Open jaykim9870 opened 9 months ago
@jaykim9870 I have the same question. You're thinking that code should be changed like below. Right?
before : return loss + (self.rvq_cross_entropy_loss_weight * ce_loss) + duration_pitch_loss
fixed : return loss + (self.rvq_cross_entropy_loss_weight * ce_loss) + aux_loss
@wonwooo Yes, that would do.
FYI, There are some other issues like wavenet based diffusion model as the model size is very different from the original paper. As far as I have investigated, the model architecture is too different so it may affect the model performance. If you are working based on this project, you may also need to check those out!
Hello, I was looking into your code and it seems like the code does not consider the duration_pitch_loss.

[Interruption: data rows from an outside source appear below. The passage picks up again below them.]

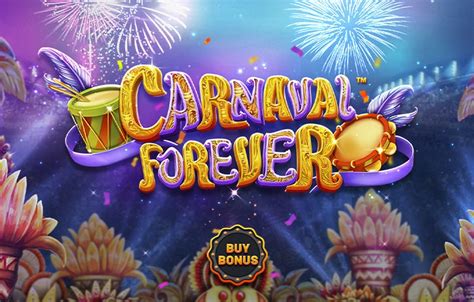 Carnaval Forever Pokerstars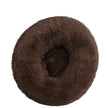 Pet Dog Bed Comfortable Donut Cuddler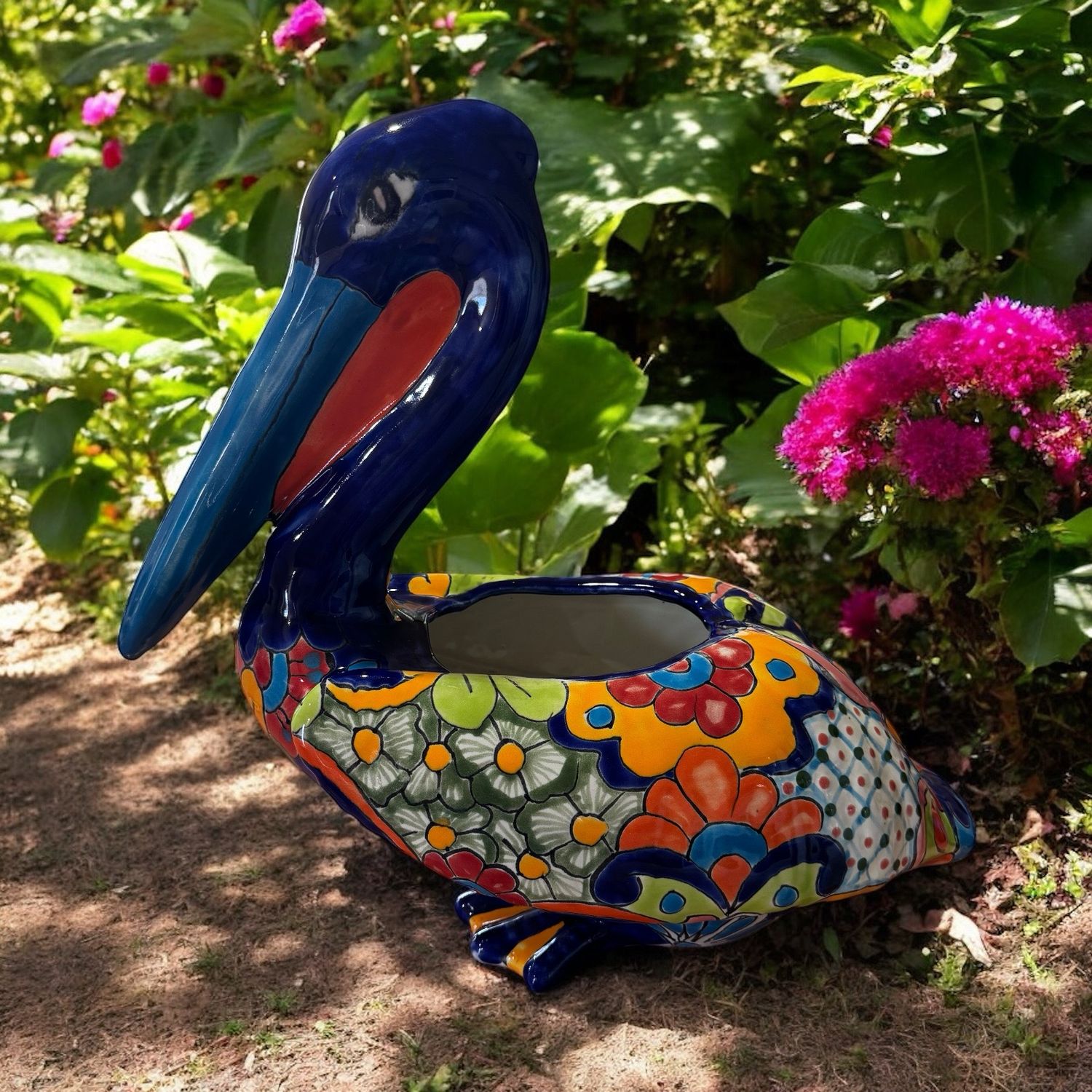 PELICAN PLANTER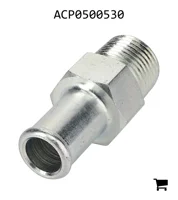 AGCO ACP0500530 Адаптер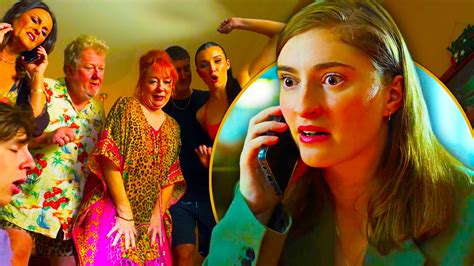 Watch An Exclusive Clip From CBS Original Holiday Film Nugget Is Dead ...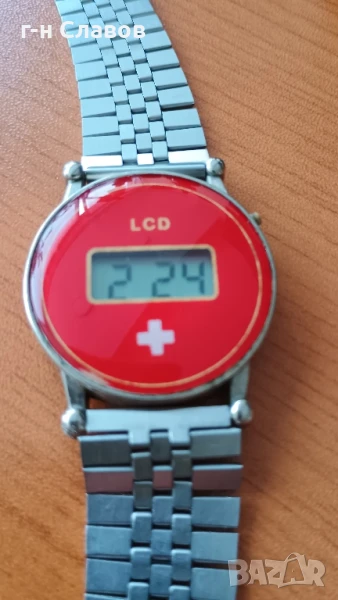 Electron LCD Switzerland, снимка 1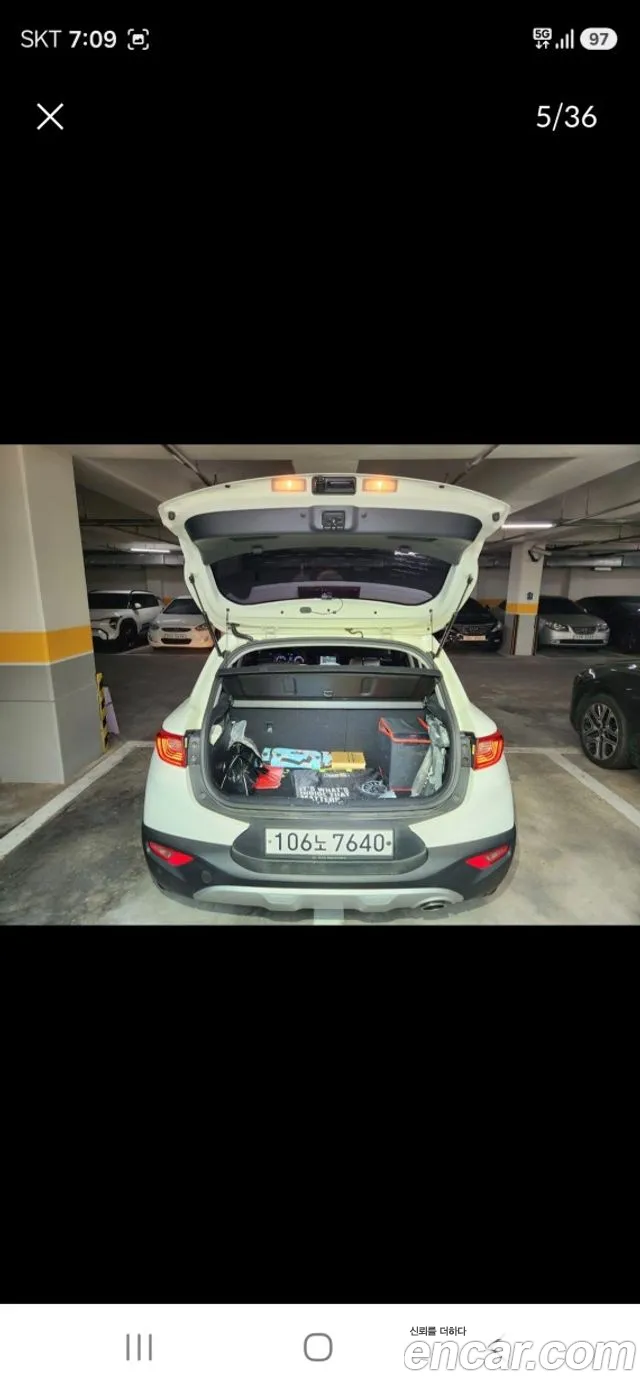 Kia Stonic 2019 thumb 5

https://github.com/lucidrains/naturalspeech2-pytorch/blob/659bec7f7543e7747e809e950cc2f84242fbeec7/naturalspeech2_pytorch/naturalspeech2_pytorch.py#L1522
Maybe, it might be related to the aux_loss you have made.
https://github.com/lucidrains/naturalspeech2-pytorch/blob/659bec7f7543e7747e809e950cc2f84242fbeec7/naturalspeech2_pytorch/naturalspeech2_pytorch.py#L1600
Thanks for the great work!